3. It is debatable whether Gibson actually achieves much more in the 300 or so pages of Virtual Light than in “Skinner’s Room” (1991), the original short story from which it derives. Condensed into these 8 pages are the majority of the novel’s central themes, excluding the glasses.
4. Davis follows the traditional relationship between LA and sf from noir fiction and film to Huxley’s sf novels, which “exploited Southern California’s unsure boundary between reality and science fiction” (Davis 41). The two novels by Aldous Huxley to which Davis refers are After Many a Summer Dies the Swan (1939) and Ape and Essence (1948). Contemporary sf novels by such authors as Neal Stephenson, Pat Cadigan, Gibson, Kim Stanley Robinson, and others have continued the genre’s fascination with the West Coast.

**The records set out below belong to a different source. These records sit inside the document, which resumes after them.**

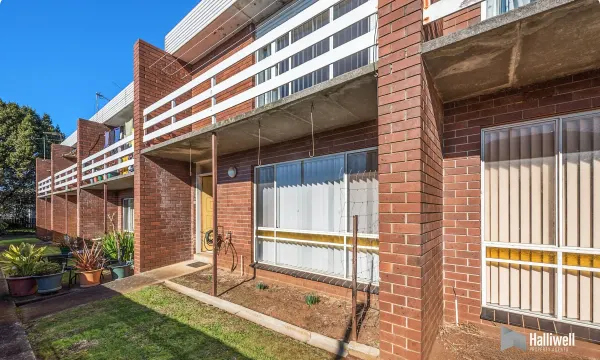 3/7 Percy Street (1/9)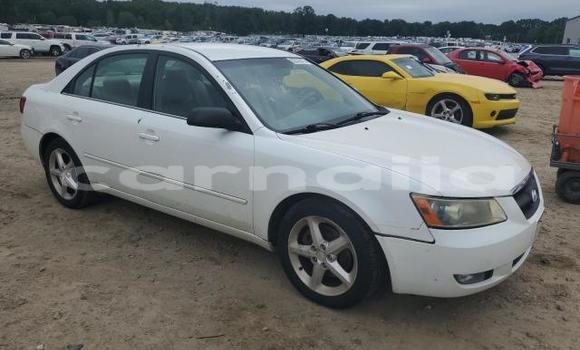 Buy New Hyundai Sonata White Car in Badagry in Lagos State Buy New Hyundai Sonata White Car in Badagry in Lagos State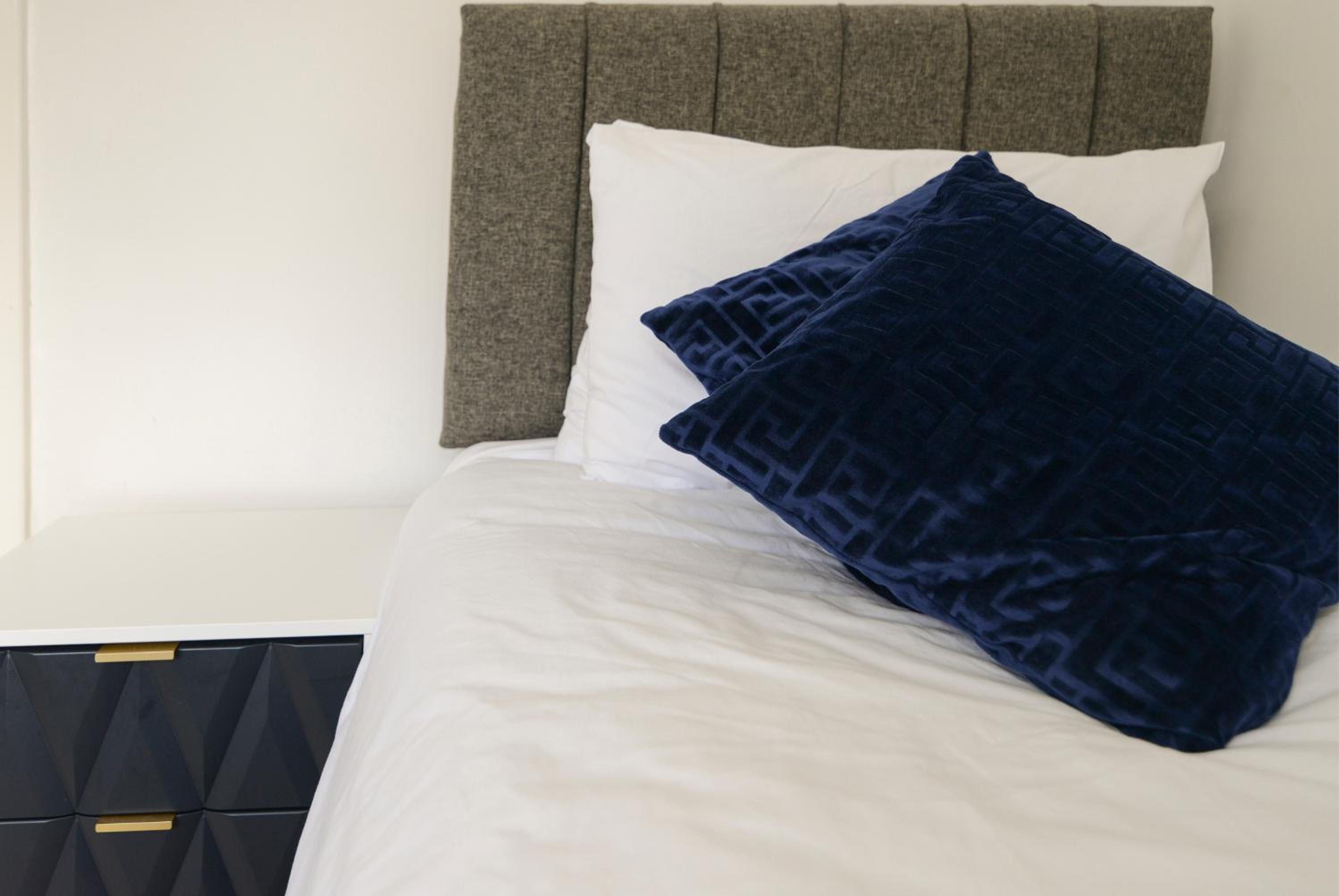 Alderton House - Spacious 3 Bed with Parking view 5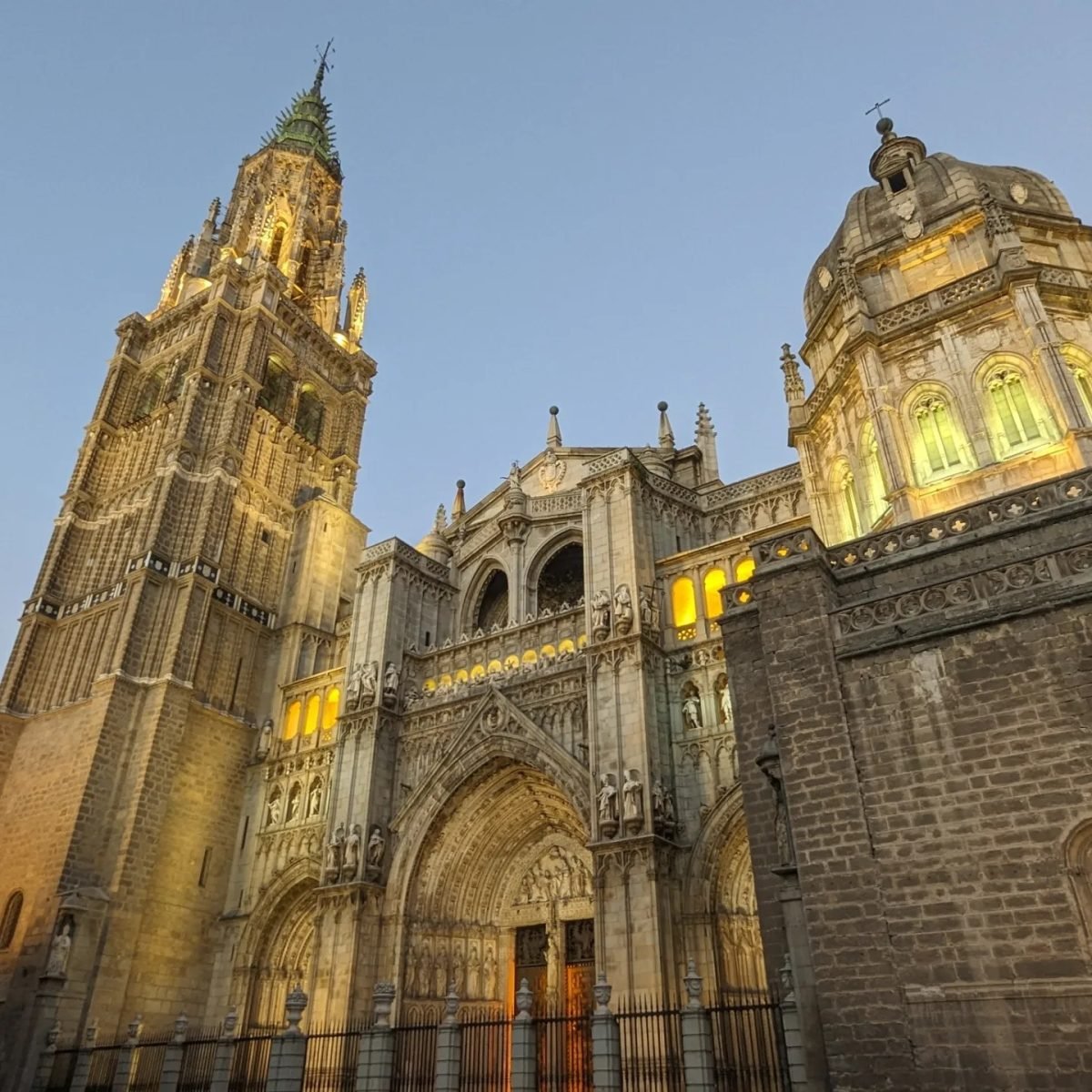 Gotycka katedra w Toledo o zmierzchu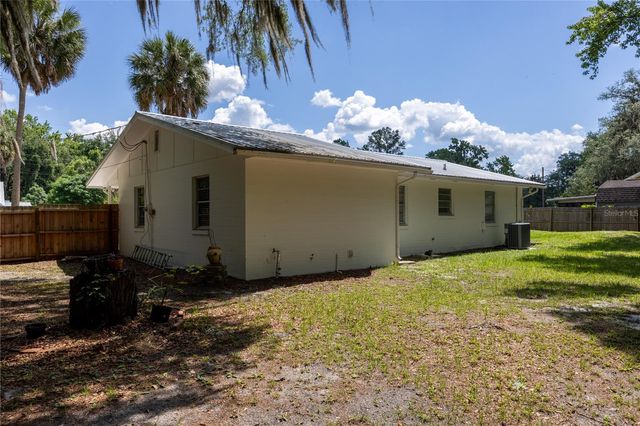 113 BROWNS ROAD, San Mateo, FL 32187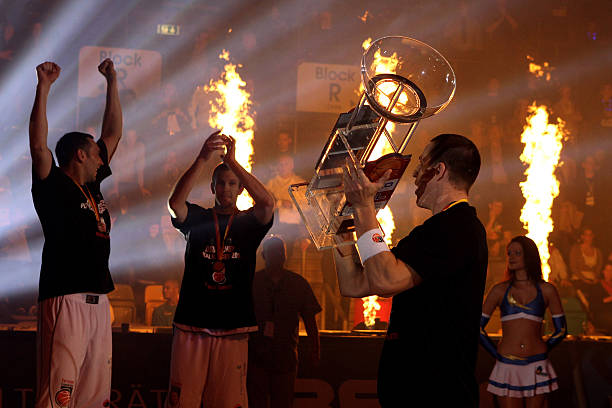 面对曼联严 面对曼联严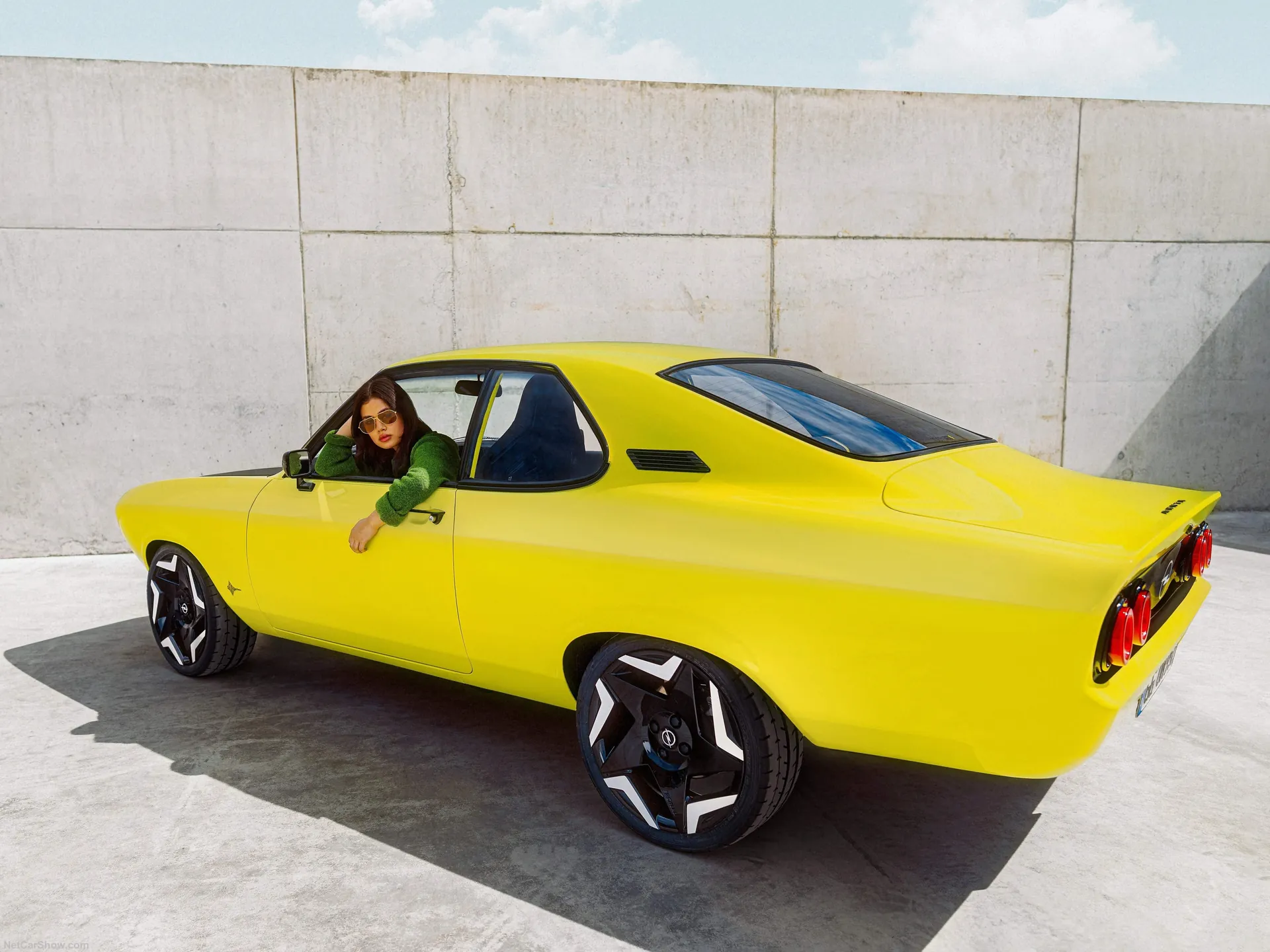 Opel Manta GSe ElektroMOD Concept (2021) – zadní tříčtvrteční pohled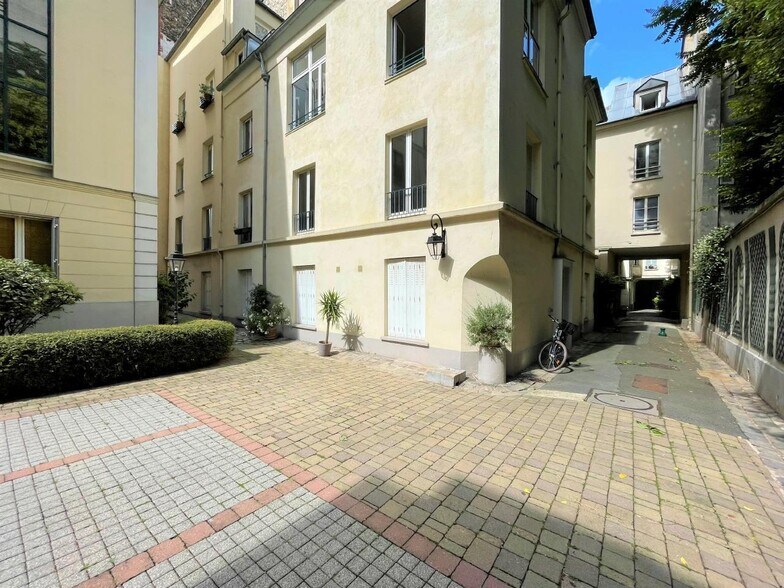 64 Rue Catherine De La Rochefoucauld, Paris à louer - Photo du bâtiment - Image 2 de 11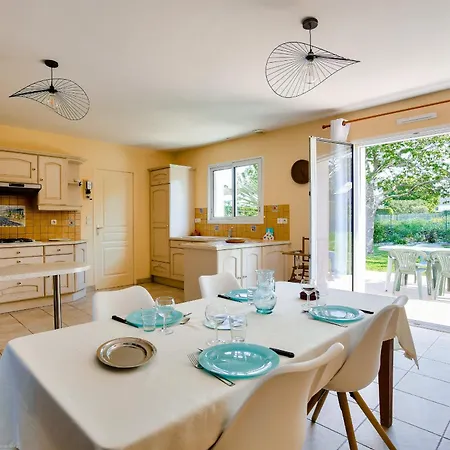 Maison Spacieuse Pour 4 Avec Jardin Et Terrasse Pleurtuit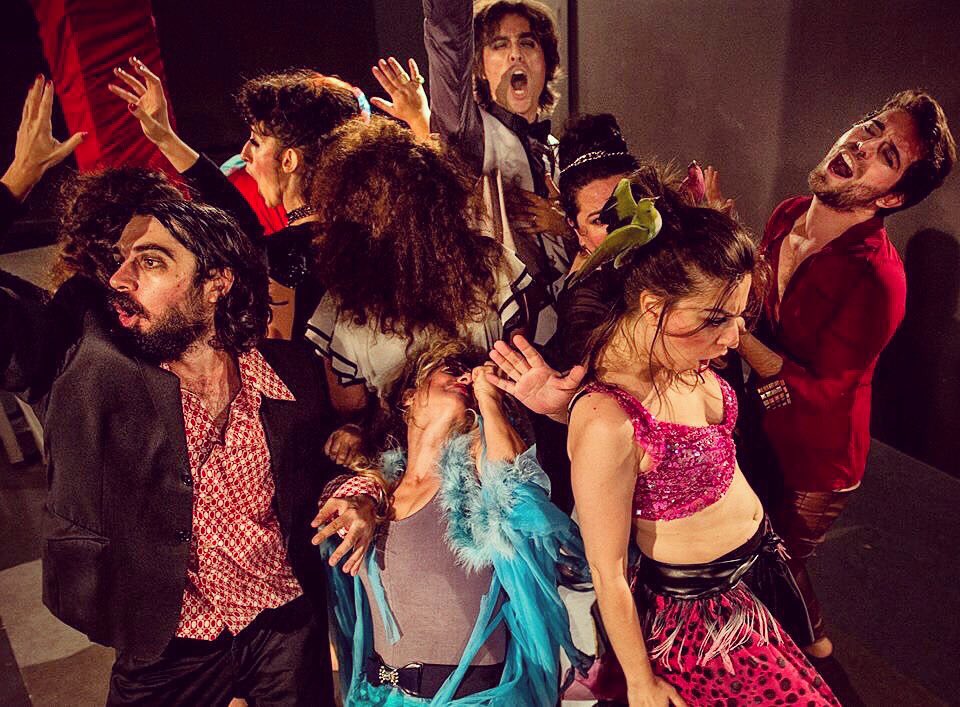 Sezonun son çıplak ayakları!
Yalınayak Müzikhol 
12-13 Mayıs 20:30
bilet.kumbaraci50.com
243 5051

#yalinayakmuzikhol #kumbaraci50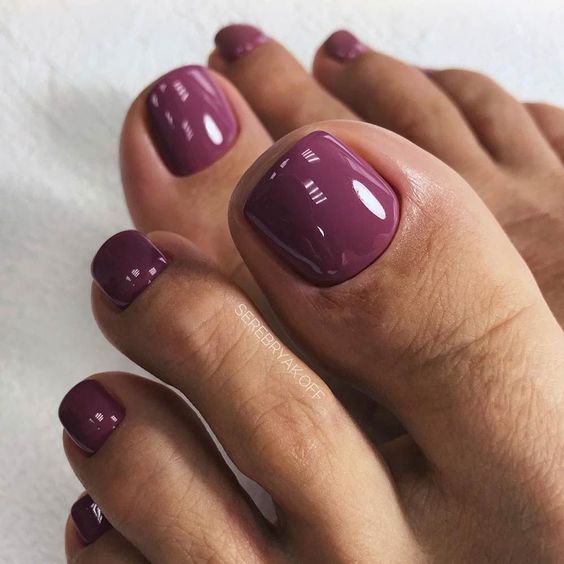 Trendy Toes: Top Summer Toe Nail Colors of 2024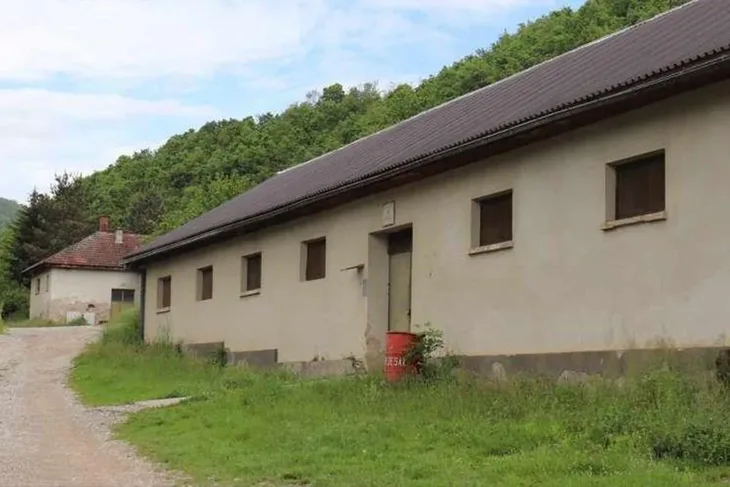Kasarna gorazde poslova zona akta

5. Such ‘heterotopological’ spaces are, as Foucault’s original article states, always ‘counter sites,’ literally the ‘Other Spaces’ (Spaces of the Other). These heterotopologies are never Kantian a priori given spaces, but the result of cultural, social practice produced by marginalized and disparate bodies—ideal site of the neo-tribal. See Michel Foucault, “Of Other Spaces,” Diacritics (Spring 1986): 24-25.
6. The ‘Bridge-as-heart’ has a precedent in reality for Gibson. He describes London as: “a single huge organic artefact, which American cities never [are]…[T]he subways …the nervous system of the organism…it seems to contain more information than a whole structure would in the States” (Colin Greenland, “A Nod to the Apocalypse: An Interview with William Gibson,” Foundation 36 [Summer 1986]: 5). The Bridge serves an analogous function.
7. Japanese director Ryuji Miyamoto’s “stunning images” of the Walled City “provided most of the texture for the Bridge in my novel Virtual Light” (Gibson, Idoru “Thanks”).The significance of Hak Nam, and the influence of Greg Girard and Ian Lambot’s City of Darkness: Life in Kowloon’s Walled City (1993) become more important in Idoru, and are discussed further in relation to that novel.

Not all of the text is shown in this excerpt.